Château de Chantilly
From The Art and Popular Culture Encyclopedia
The Château de Chantilly is a historic château located in the town of Chantilly, France. It comprises two attached buildings; the Grand Château, destroyed during the French Revolution and rebuilt in the 1870s, and the Petit Château which was built around 1560 for Anne de Montmorency. It is owned by the Institut de France, and is open to the public.
The estate's connection with the Montmorency family began in 1484. The first mansion (no longer extant, now replaced by the Grand Château) was built in 1528–1531 for the Constable Anne de Montmorency by Pierre Chambiges. The Petit Château was also built for him, around 1560, probably by Jean Bullant. In 1632, after the death of Henri II, it passed to the Grand Condé who inherited it through his mother, a Montmorency.
Several interesting pieces of history are associated with the château during the 17th century. Molière's play, Les Précieuses ridicules, received its first performance here in 1659. Madame de Sévigné relates in her memoirs that when Louis XIV visited in 1671, François Vatel, the maître d'hôtel to the Grand Condé, committed suicide when he feared the fish would be served late.

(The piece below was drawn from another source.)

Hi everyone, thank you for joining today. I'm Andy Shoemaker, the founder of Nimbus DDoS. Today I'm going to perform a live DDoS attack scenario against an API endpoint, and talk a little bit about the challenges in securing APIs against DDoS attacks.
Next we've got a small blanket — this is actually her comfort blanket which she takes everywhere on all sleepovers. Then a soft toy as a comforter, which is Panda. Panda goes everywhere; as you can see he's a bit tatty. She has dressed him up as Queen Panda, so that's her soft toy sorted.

The original mansion was destroyed in the French Revolution. It was repaired in a modest way by the last Condé, but the entire property was confiscated from the Orléans family between the years 1853 and 1872, during which interval it was owned by Coutts, an English bank. Chantilly was entirely rebuilt in 1875–1881 by Henri d'Orléans, duc d'Aumale (1822–1897) to the designs of Honore Daumet. The new château met with mixed reviews. Boni de Castellane summed up one line of thought: "What is today styled a marvel is one of the saddest specimens of the architecture of our era — one enters at the second floor and descends to the salons". In the end, the Duc d'Aumale bequeathed the property to the Institut de France upon his death in 1897.
During the First World War, Chantilly marked the farthest advance of the German troops in the region. Subsequently it served as headquarters for Joseph Joffre and a number of conferences between the Allies were held there.

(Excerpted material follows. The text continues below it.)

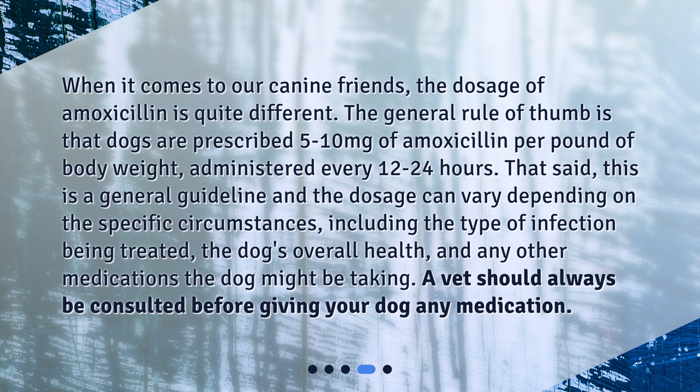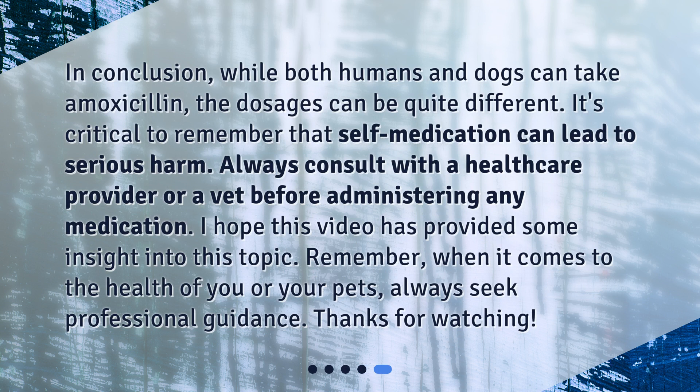That said, this is a general guideline and the dosage can vary depending on the specific circumstances, including the type of infection being treated, the dog's overall health, and any other medications the dog might be taking. A vet should always be consulted before giving your dog any medication. In conclusion, while both humans and dogs can take amoxicillin, the dosages can be quite different.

The château's art gallery, the Musée Condé, houses one of the finest collections of paintings in France (after the Louvre), with special strength in French paintings and book illuminations of the 15th and 16th centuries. Masterpieces of the art gallery (many of them are in the Tribune Room) include Sassetta's Mystic Marriage of Saint Francis, Botticelli's Autumn, Piero di Cosimo's Simonetta Vespucci, Raphael's Three Graces and Madonna of Loreto, Guercino's Pietà, Pierre Mignard's Portrait of Molière as well as four of Antoine Watteau's paintings. Other paintings in the collection include works by Fra Angelico, Filippino Lippi, Hans Memling, 260 paintings and drawings by François and Jean Clouet, Veronese, Barocci, Annibale Carracci, Domenichino, Salvator Rosa, Nicolas Poussin, Philippe de Champaigne, Van Dyck, Guido Reni, Jean-Baptiste Greuze, Joshua Reynolds, Eugène Delacroix, Ingres, Géricault. The library of the Petit Château contains over 1300 manuscripts and 12,500 printed volumes, including a Gutenberg Bible that is part of the collection of over 700 incunabula), and some 200 medieval manuscripts, with the Registrum Gregorii (983), the famous Les très riches heures du Duc de Berry and 40 miniatures from Jean Fouquet's Book of Hours of Etienne Chevalier taking pride of place.
Park and Chantilly racecourse
The park, featuring extensive parterres and water features, was laid out principally by André Le Nôtre for the Grand Condé. It also contains a French landscape garden with a cascade, pavilions, and a small ornamental village which served as an inspiration for the Hameau de la reine of Marie Antoinette in the Gardens of Versailles.
The estate overlooks the Chantilly Racecourse and the Grandes Écuries (Great Stables) which contains the Living Museum of the Horse. According to legend, Louis Henri, Duc de Bourbon, Prince of Condé believed that he would be reincarnated as a horse after his death. In 1719, he asked the architect, Jean Aubert to build stables suitable to his rank. These 186m long stables are considered by some as the most beautiful in the world.
- The château and the Great Stables were featured in the 1985 James Bond movie A View to a Kill, as the home of villainous Max Zorin (played by Christopher Walken) which was being infiltrated by Bond (played for the last time by Roger Moore) in his quest to find out more about Zorin, who had already aroused suspicions of MI6 with various business activities, and ultimately eliminate him.
- Pink Floyd performed, on two consecutive nights, at the château during The Division Bell Tour on July 30–31, 1994.
- Football player Ronaldo had the ceremony for his short-lived marriage with Daniella Cicarelli on February 14, 2005 in the château.
- Every two years, in June, the "Nuits de Feu" international fireworks competition is held in the château's garden.